Not sure if people want this for 8.2. I think we can modify
test_fsync.c anytime but the movement of the defines into an include
file is a backend code change.
--
Bruce Momjian bruce@momjian.us
EnterpriseDB http://www.enterprisedb.com
+ If your life is a hard drive, Christ can be your backup. +
Index: src/backend/access/transam/xlog.c
===================================================================
RCS file: /cvsroot/pgsql/src/backend/access/transam/xlog.c,v
retrieving revision 1.257
diff -c -c -r1.257 xlog.c
*** src/backend/access/transam/xlog.c 21 Nov 2006 20:59:52 -0000 1.257
--- src/backend/access/transam/xlog.c 24 Nov 2006 18:57:39 -0000
***************
*** 49,127 ****
#include "utils/pg_locale.h"
- /*
- * Because O_DIRECT bypasses the kernel buffers, and because we never
- * read those buffers except during crash recovery, it is a win to use
- * it in all cases where we sync on each write(). We could allow O_DIRECT
- * with fsync(), but because skipping the kernel buffer forces writes out
- * quickly, it seems best just to use it for O_SYNC. It is hard to imagine
- * how fsync() could be a win for O_DIRECT compared to O_SYNC and O_DIRECT.

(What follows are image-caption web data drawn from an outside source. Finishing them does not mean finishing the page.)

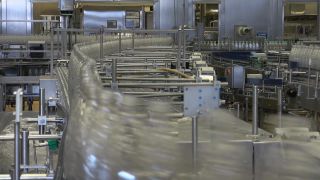 Link to Video | bottled water, liquid, Rhineland-Palatinate, industrial building, Gerolsteiner Brunnen, bottling company, Eifel, mineral water, Germany, food, non-alcoholic beverage, water, bottling, drink, bottling line, drinking water, bottle, factory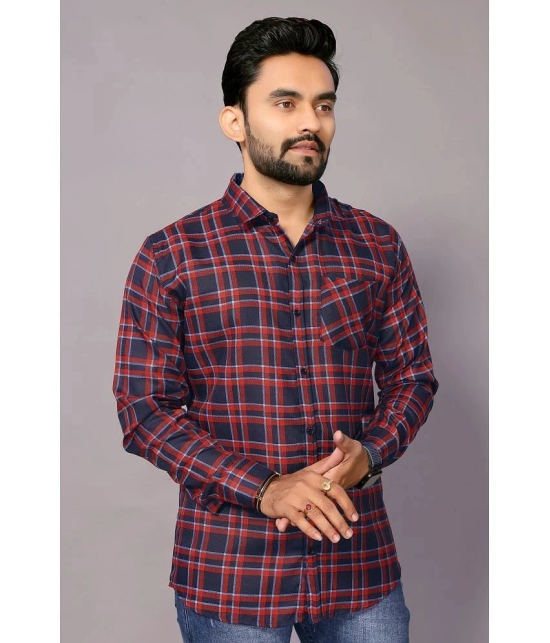 Anand Cotton Blend Regular Fit Checks Full Sleeves Mens Casual Shirt - Multicolor ( Pack of 1 ) - None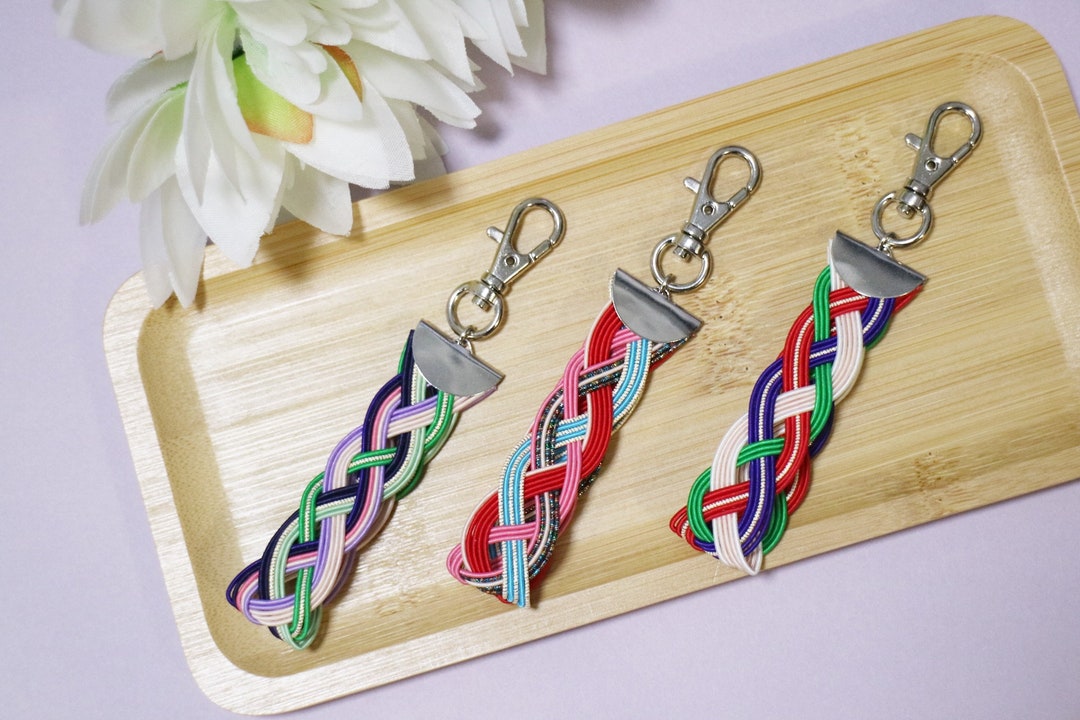 Handmade Mizuhiki Keychain: Japanese Braided Cord Keyring - Etsy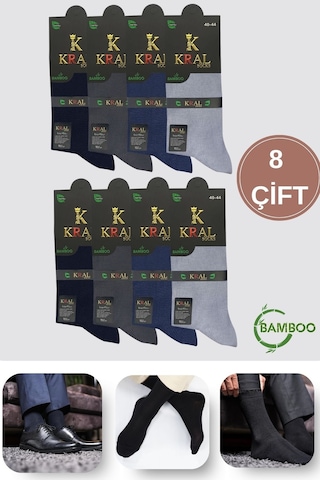 Lüx Kral Erkek Yazlık Bambu Soket Uzun Karma Renkli Çorap Çok Renkli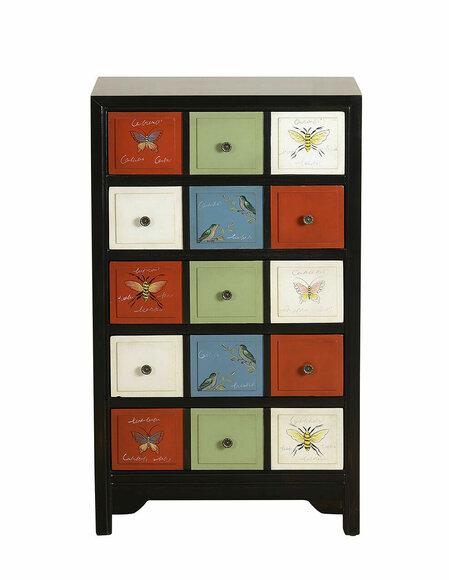 Bunter Apotheken Schrank Kommode Sideboard Hoch Schränke Echtes Holz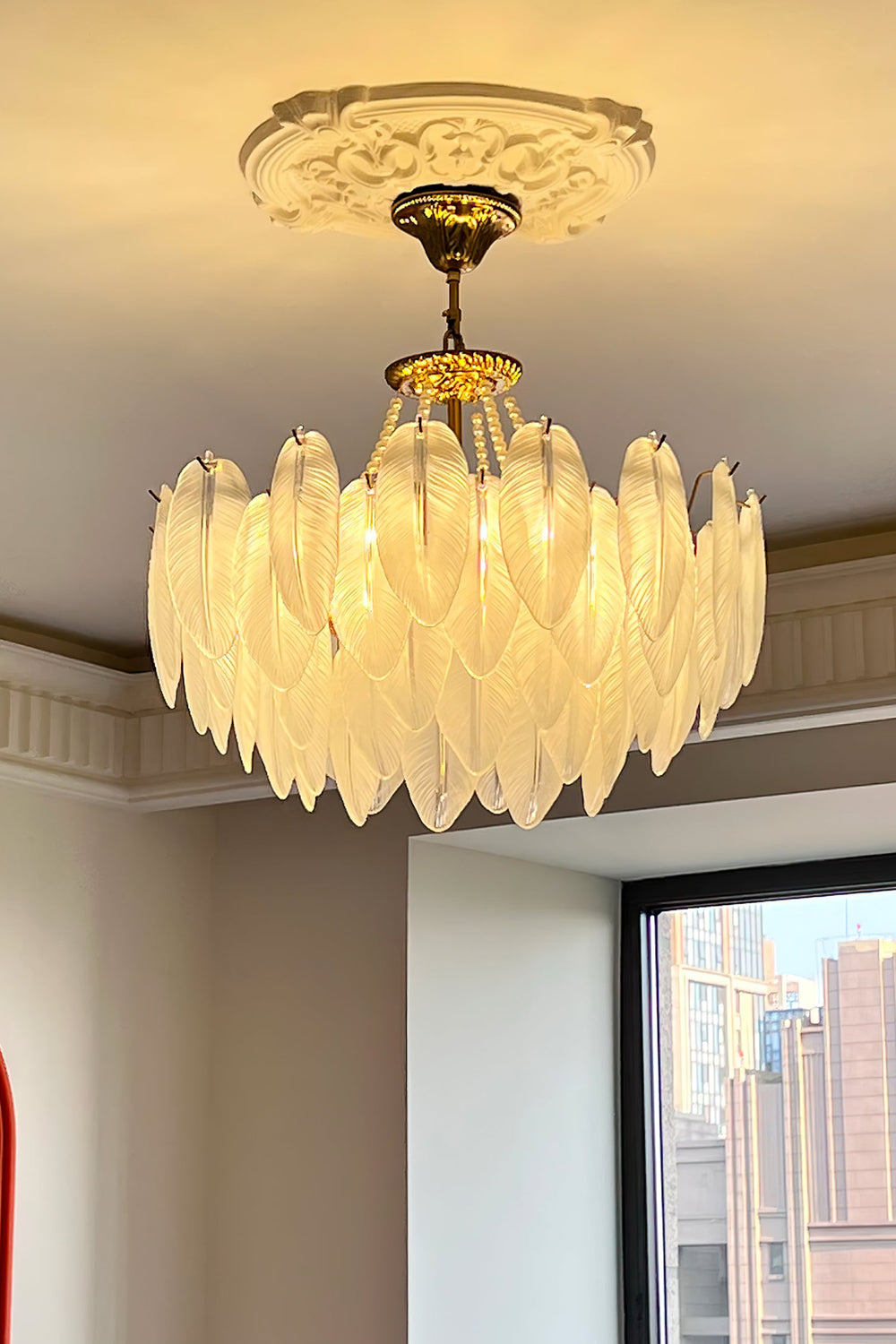 Texture Glass Leaf Chandelier - everlamps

- * Also, O_DIRECT is never enough to force data to the drives, it merely
- * tries to bypass the kernel cache, so we still need O_SYNC or fsync().
- */
- #ifdef O_DIRECT
- #define PG_O_DIRECT O_DIRECT
- #else
- #define PG_O_DIRECT 0
- #endif
-
- /*
- * This chunk of hackery attempts to determine which file sync methods
- * are available on the current platform, and to choose an appropriate
- * default method. We assume that fsync() is always available, and that
- * configure determined whether fdatasync() is.
- */
- #if defined(O_SYNC)
- #define BARE_OPEN_SYNC_FLAG O_SYNC
- #elif defined(O_FSYNC)
- #define BARE_OPEN_SYNC_FLAG O_FSYNC
- #endif
- #ifdef BARE_OPEN_SYNC_FLAG
- #define OPEN_SYNC_FLAG (BARE_OPEN_SYNC_FLAG | PG_O_DIRECT)
- #endif
-
- #if defined(O_DSYNC)
- #if defined(OPEN_SYNC_FLAG)
- /* O_DSYNC is distinct? */
- #if O_DSYNC != BARE_OPEN_SYNC_FLAG
- #define OPEN_DATASYNC_FLAG (O_DSYNC | PG_O_DIRECT)
- #endif
- #else /* !defined(OPEN_SYNC_FLAG) */
- /* Win32 only has O_DSYNC */
- #define OPEN_DATASYNC_FLAG (O_DSYNC | PG_O_DIRECT)
- #endif
- #endif
-
- #if defined(OPEN_DATASYNC_FLAG)
- #define DEFAULT_SYNC_METHOD_STR "open_datasync"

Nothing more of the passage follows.